/JobScrapingApp_Indeed.com

Web scraper to get information about posted jobs in the US from Indeed.com

Primary LanguagePython

Indeed.com Jobs Scraping App

Overview

Program to scrape and store posted jobs in the United States from www.indeed.com

Gets the next information from the website:

  • original id generated by Indeed;
  • job title (job_title)
  • posting date (job_date)
  • location (job_loc)
  • short description (job_summary)
  • salary (or salary range) in a list format (job_salary)
  • url of the job (job_url)
  • company name (company_name)

Getting Started

  1. Install all required packages from requirements.txt.
    $ pip install -r requirements.txt

How to use

  1. Assign search parameters in the parameters.py:
  • positions should be a list of strings with all positions names or key-words for search.

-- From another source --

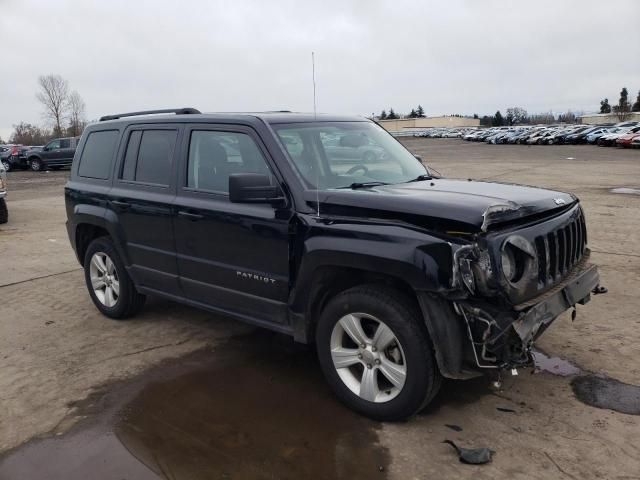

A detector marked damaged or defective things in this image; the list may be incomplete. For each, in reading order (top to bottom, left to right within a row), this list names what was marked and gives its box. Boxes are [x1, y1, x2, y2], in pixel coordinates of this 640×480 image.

damaged hood [308, 179, 576, 233]
front-end damage [448, 202, 604, 372]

Even if there is one word, keep it in the list: positions = ["auditor"]
  1. Run the app.py
    $ python3 app.py

Functionality:

  1. Scraping jobs by the key parameters: search key-words
  2. Cleaning / formatting data.
  3. Each scraping session saves the results as a csv data dump to the data_dumps/ folder.
  4. Each step of the scraping is logged into the log.txt with printing the outcomes in the console.

Architecture:

  1. app.py - enter point
  2. main.py - the main workflow of the program
  3. indeed_com_scraper.py - scraping functionality module
  4. dumping.py - data cleaning / formatting module + saving data dumps
  5. logger.py - logging functionality
  6. parameters.py - keeping scraping parameters in separate module for easy access.

Additional:

  1. db_scheme.py or db_scheme.sql for initial database setup.
  2. requirements.txt required python packages.

Requirements:

python 3

Packages:

  • pandas 1.4.2
  • requests 2.28.0
  • beautifulsoup4 4.11.1